### THE PROBLEM
All records below are to be duplicated exactly, with every picture excluded.

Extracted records
================================

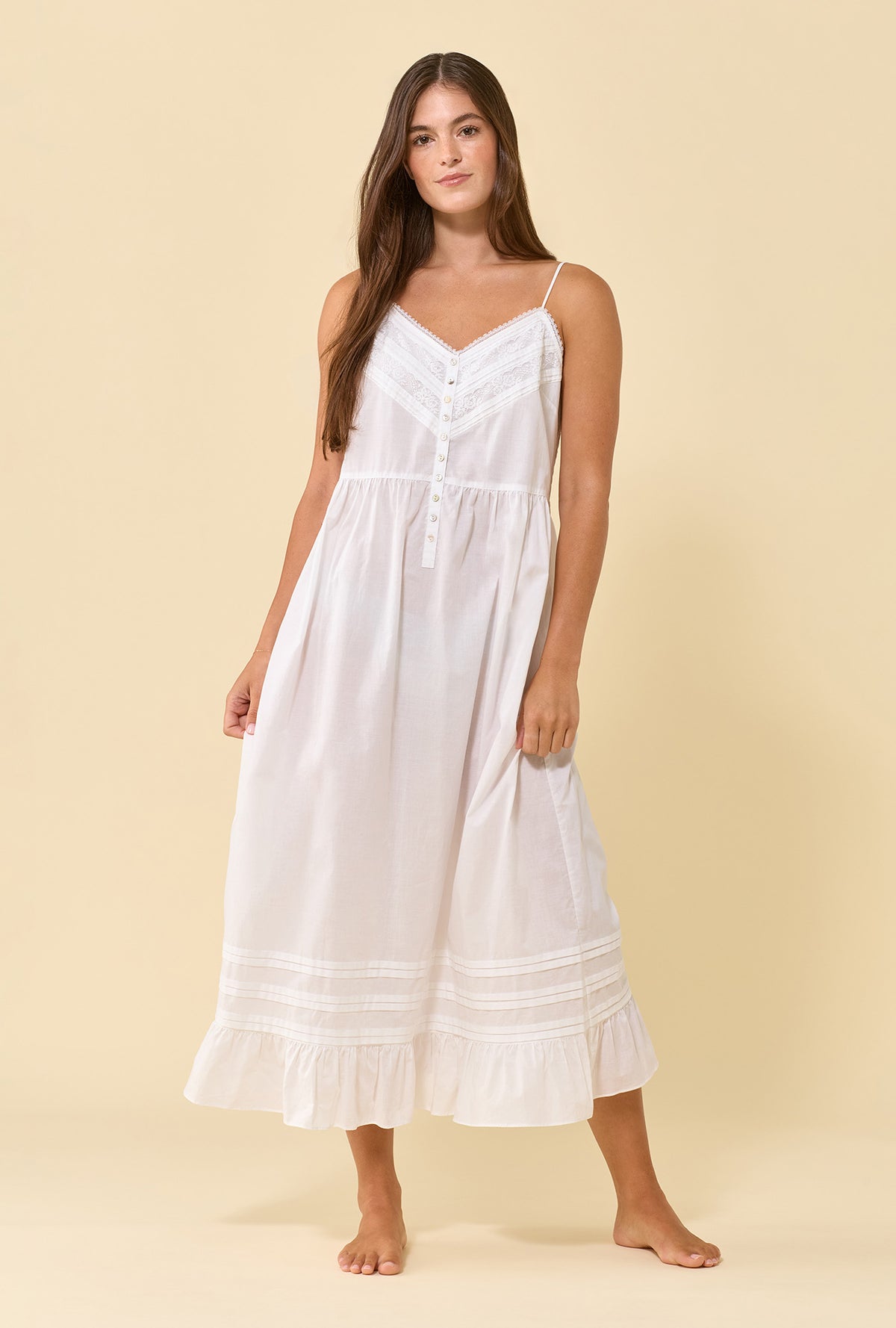 A lady wearing Elise Soft White 100% Cotton Woven Lawn Shoulder Strap Ballet Nightgown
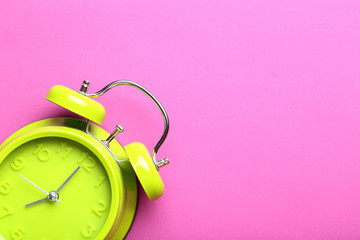 Green alarm clock on a pink background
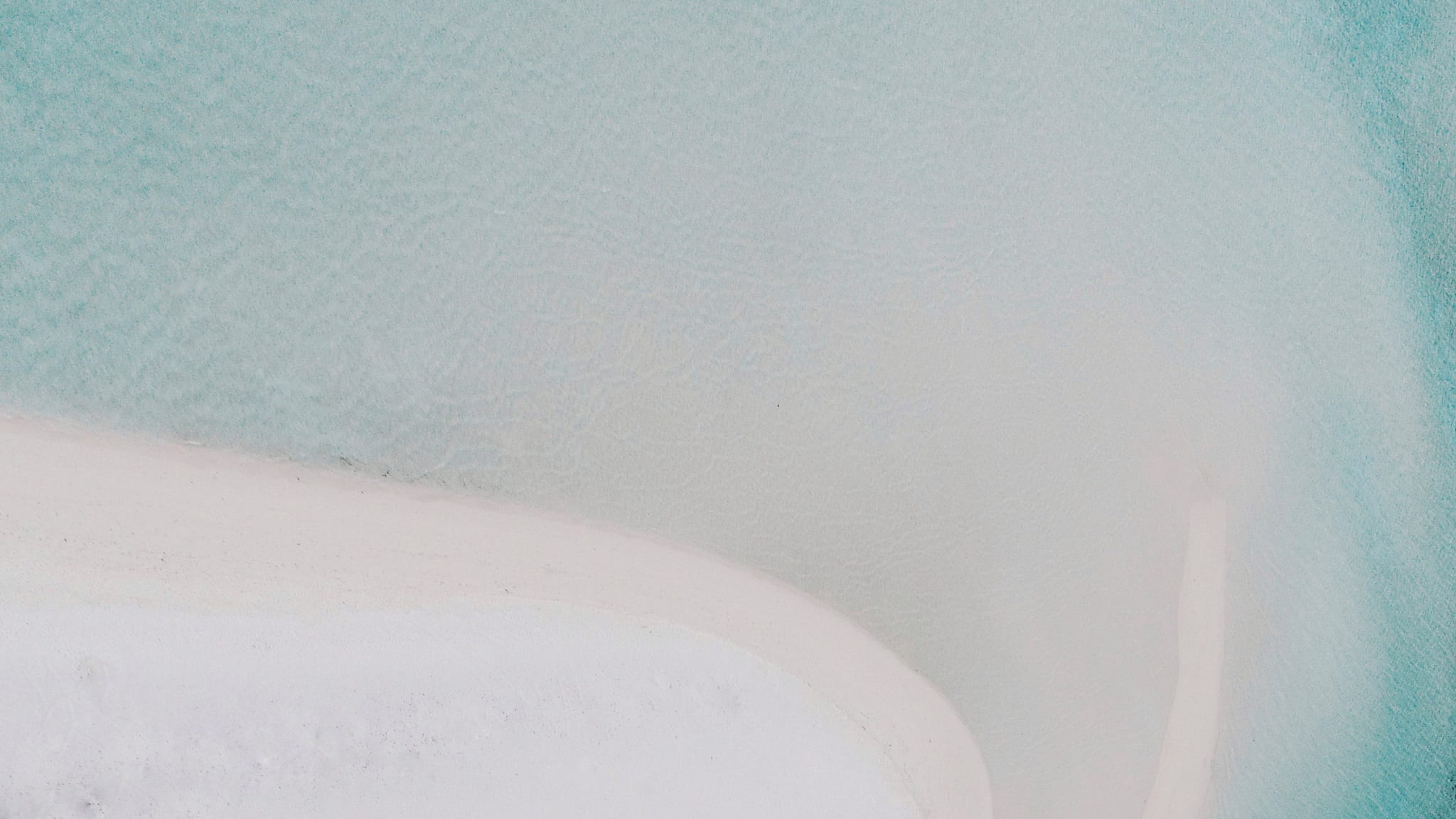 Aerial view looking straight down on a pale sandbar curving into shallow turquoise water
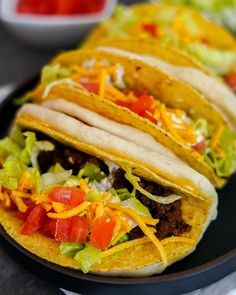 three tacos on a plate with lettuce, tomato and cheese in the middle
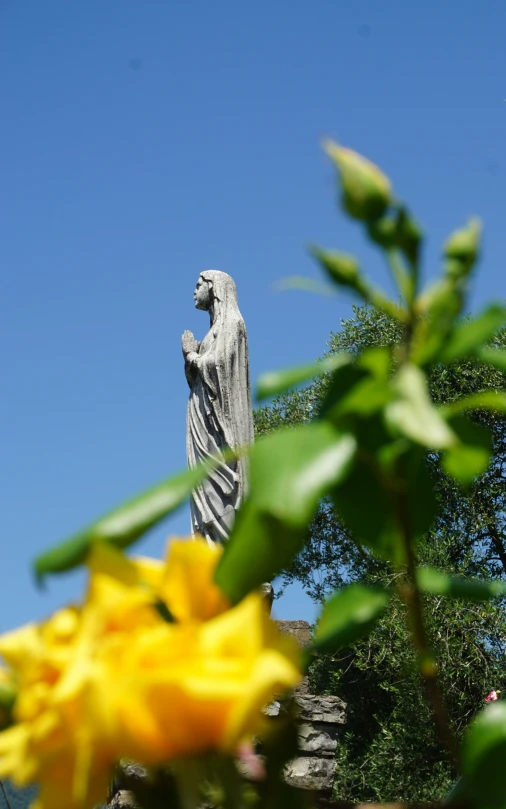 a statue of an angel is perched near some flowers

================================

### ANSWER
 A lady wearing Elise Soft White 100% Cotton Woven Lawn Shoulder Strap Ballet Nightgown
 Green alarm clock on a pink background
 Aerial view looking straight down on a pale sandbar curving into shallow turquoise water
 three tacos on a plate with lettuce, tomato and cheese in the middle
 a statue of an angel is perched near some flowers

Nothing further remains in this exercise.